● **Information shown**:
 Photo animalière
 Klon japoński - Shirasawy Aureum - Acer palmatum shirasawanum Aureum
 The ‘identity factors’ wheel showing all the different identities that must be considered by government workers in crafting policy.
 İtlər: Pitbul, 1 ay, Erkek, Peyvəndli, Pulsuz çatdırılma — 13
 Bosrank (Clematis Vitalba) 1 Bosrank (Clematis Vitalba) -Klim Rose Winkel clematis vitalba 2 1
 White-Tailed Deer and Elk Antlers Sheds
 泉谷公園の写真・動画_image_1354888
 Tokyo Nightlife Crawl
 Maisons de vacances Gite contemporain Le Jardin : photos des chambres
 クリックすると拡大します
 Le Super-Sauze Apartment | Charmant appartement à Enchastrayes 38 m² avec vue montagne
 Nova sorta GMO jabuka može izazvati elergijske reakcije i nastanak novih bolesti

● **Work instruction**:
Write out, exactly as they appear, the lines from the one containing "Maisons de vacances" through the last line of the records above, both included, and nothing more.

● **Exercise output**:
 Maisons de vacances Gite contemporain Le Jardin : photos des chambres
 クリックすると拡大します
 Le Super-Sauze Apartment | Charmant appartement à Enchastrayes 38 m² avec vue montagne
 Nova sorta GMO jabuka može izazvati elergijske reakcije i nastanak novih bolesti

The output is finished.